Le cosce di suino, pur essendo di buon aspetto, erano state tuttavia trasportate su un veicolo non idoneo, in precarie condizioni di igiene e senza alcun sistema di refrigerazione, non essendovi poi alcuna garanzia di tracciabilita’ dei prodotti. Alla stregua di tali premesse fattuali, il Tribunale e’ pervenuto alla coerente conclusione della configurabilita’ del reato contestato, dovendosi sul punto ribadire l’affermazione di questa Corte (cfr. Sez. 3, n. 2897 del 19/10/2006, dep. 2007, Rv. 235873), secondo cui, in tema di disciplina degli alimenti, anche il soggetto che svolge mere mansioni di autista risponde del reato di detenzione di sostanze alimentare in cattivo stato di conservazione, in quanto, riferendosi le disposizioni ex L. n. 283 del 1962 a tutti coloro che concorrono alla immissione sul mercato dei prodotti destinati al consumo, sullo stesso grava l’onere di assicurare le condizioni di conservazione degli alimenti durante il trasporto.
Ne’ appare dubitabile che la destinazione delle 20 cosce di suino fosse la vendita, trattandosi di un numero oggettivamente non compatibile con l’affermazione difensiva di un consumo personale, fermo restando che l’imputato, rimanendo legittimamente assente nel processo, ha rinunciato a fornire una versione alternativa rispetto alle risultanze investigative delineatesi a suo carico, per cui quella del consumo personale degli alimenti o della destinazione allo smaltimento sono rimaste mere ipotesi, evocate nel ricorso senza alcun conforto probatorio. Parimenti immune da censure e’ la valutazione relativa all’esistenza del requisito del “cattivo stato di conservazione”, avuto riguardo alle modalita’ improvvisate con cui le cosce di suino sono state trasportate, non essendovi ne’ un sistema di refrigerazione, ne’ alcuna copertura tra i singoli pezzi trasportati, collocati in un ambiente certamente non adatto, dovendosi evidenziare che, come gia’ chiarito da questa Corte (Sez. 3, n. 40772 del 05/05/2015, Rv. 264990), ai fini della configurabilita’ della contravvenzione per cui si procede, e’ sufficiente che sia accertato che le concrete modalita’ di conservazione siano idonee a determinare il pericolo di un danno o di un deterioramento dell’alimento, senza che rilevi la produzione di un danno alla salute, essendo il reato volto ad assicurare che il prodotto giunga al consumo con le garanzie igieniche imposte dalla sua natura.

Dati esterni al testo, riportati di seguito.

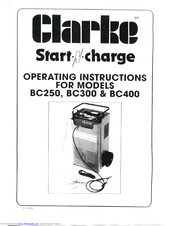 Clarke Start'N'Charge BC300 Operating Instructions Manual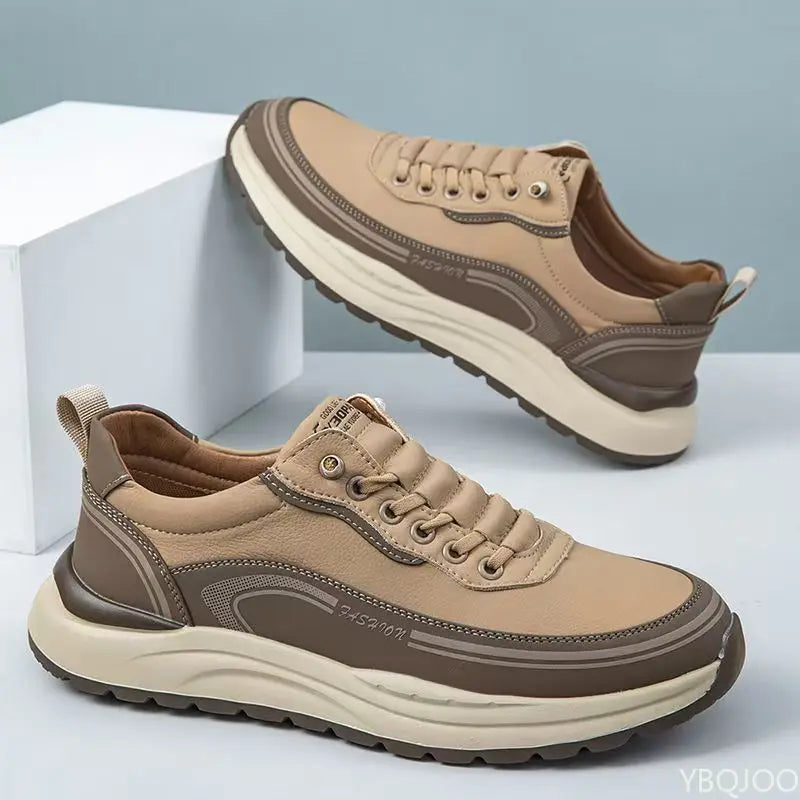 YBQJOO Men's Non-Slip Sneakers – Breathable Walking Shoes Men's Sneakers Axl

Il giudizio sulla sussistenza del reato e sulla sua ascrivibilita’ all’odierno ricorrente, in quanto scaturito da una disamina adeguata delle fonti probatorie acquisite e sorretto da argomentazioni razionali, non presta dunque il fianco alle censure difensive, che invero risultano formulate in termini meramente assertivi, scontando peraltro il ricorso palesi limiti di autosufficienza nel richiamo alle deposizioni dei testi (OMISSIS) e (OMISSIS) che si assumono non correttamente intese dal Tribunale, mentre del tutto generica e’ rimasta l’ulteriore affermazione difensiva secondo cui l’istruttoria dibattimentale si sarebbe rivelata incompleta.

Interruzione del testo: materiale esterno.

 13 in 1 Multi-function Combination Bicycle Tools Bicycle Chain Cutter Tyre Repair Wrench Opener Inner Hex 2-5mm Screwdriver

3. In conclusione, alla stregua delle considerazioni svolte, il ricorso deve essere dichiarato inammissibile, con conseguente onere per il ricorrente, ai sensi dell’articolo 616 c.p.p., di sostenere le spese del procedimento.

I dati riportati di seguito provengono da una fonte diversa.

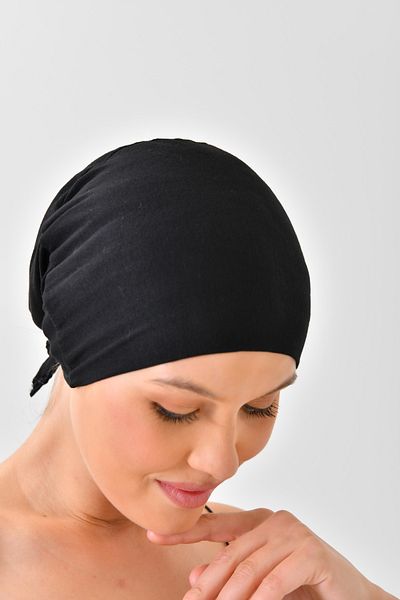 mirach Women's Seamless Hijab Bonnet Non-Slip Black Hijab Bonnet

Tenuto conto infine della sentenza della Corte costituzionale n. 186 del 13 giugno 2000, e considerato che non vi e’ ragione di ritenere che il ricorso sia stato presentato senza “versare in colpa nella determinazione della causa di inammissibilita’”, si dispone che il ricorrente versi la somma, determinata in via equitativa, di Euro 2.000 in favore della Cassa delle Ammende.
P.Q.M.
Dichiara inammissibile il ricorso e condanna il ricorrente al pagamento delle spese processuali e della somma di Euro duemila in favore della Cassa delle Ammende.